Born in 1828, in the town of Meissen, in Saxony, Germany, Karl G. Maeser was recognized as a bright scholar from a young age. He received some of the most innovative and highest quality teacher training offered in Europe at the time and began his teaching career in Dresden in 1852. After joining the Church of Jesus Christ of Latter-day Saints, he immigrated to Utah and was asked by Brigham Young to start an academy. He served 16 years as principal of Brigham Young Academy and although he was not the first principal of the Academy, he is considered its founder. The Academy became Brigham Young University (BYU) in 1903. Maeser went on to train thousands of teachers and helped found over fifty schools, many of which are now prominent academic institutions in Utah.

Throughout his life, Maeser made a lasting impression on his students at the Brigham Young Academy. He focused on teaching students how to develop rational thought and build intellectual inquiry. His philosophy left a legacy and foundation for the Honors Program today, as exemplified in the four pillars: academic excellence, community of scholars, interdisciplinary thinking, and skills of inquiry.

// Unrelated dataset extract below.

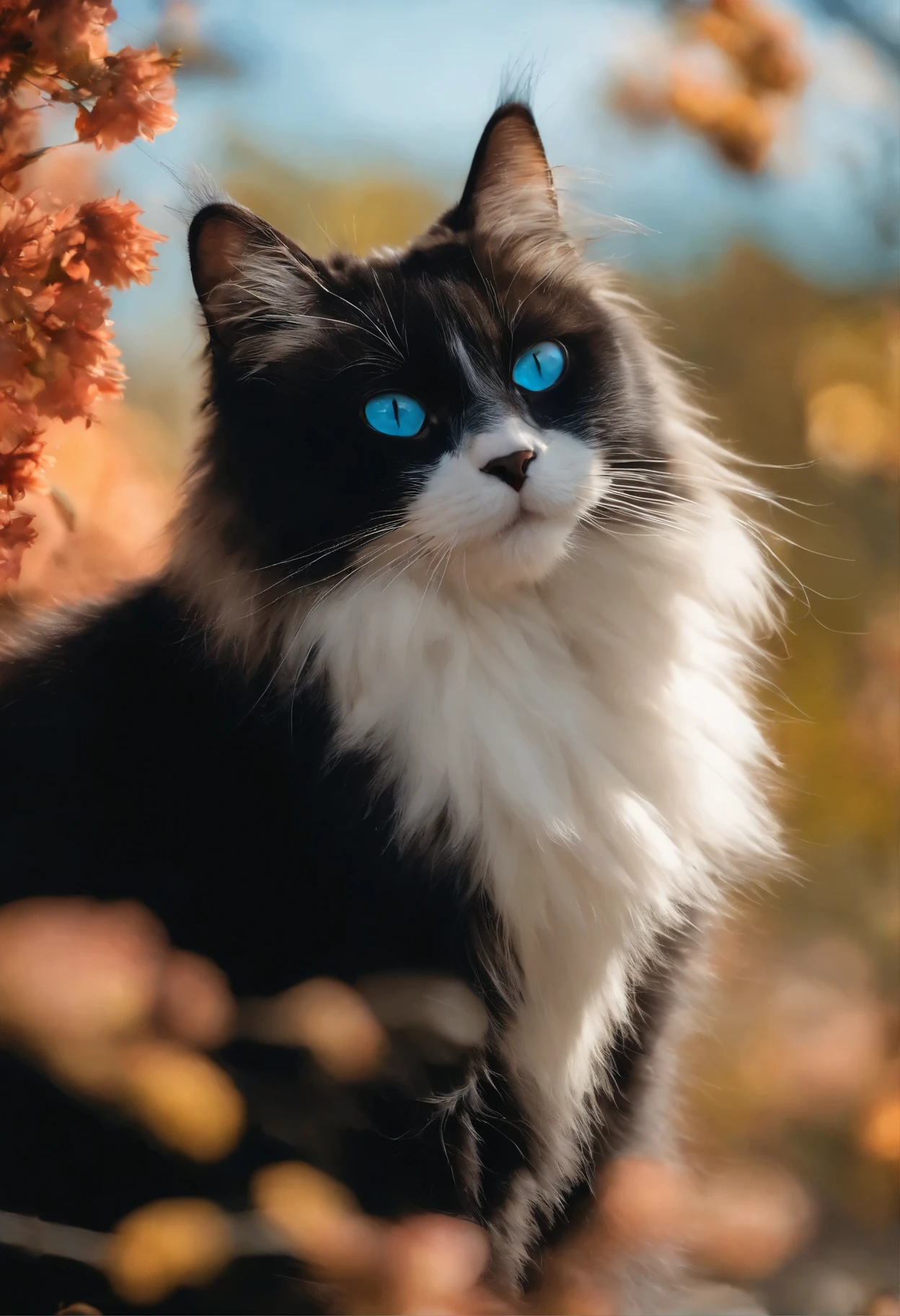 Fluffy cat,Playful,Curious,Bright Blue Eyes,Soft black fur,Whiskers twitching,Stretching in the sun,Cat grace and elegance,(highest quality,4K,High resolution),Vibrant colors,Active and energetic,Artistic illustrations and watercolors,dream-like、Whimsical,subtle pastel colors,Soft lighting,Bokeh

Shortly after his passing in 1901, plans were drawn for the Karl G. Maeser Memorial building-- a temple of learning to commemorate the beloved teacher. This building was the start of the development of the “upper campus,” where most of the University is now located. The Maeser Building remains the oldest building in use on BYU’s campus and is known for its beautiful classical architecture. Today it houses the administrative offices of Undergraduate Education and is home to the Honors Program.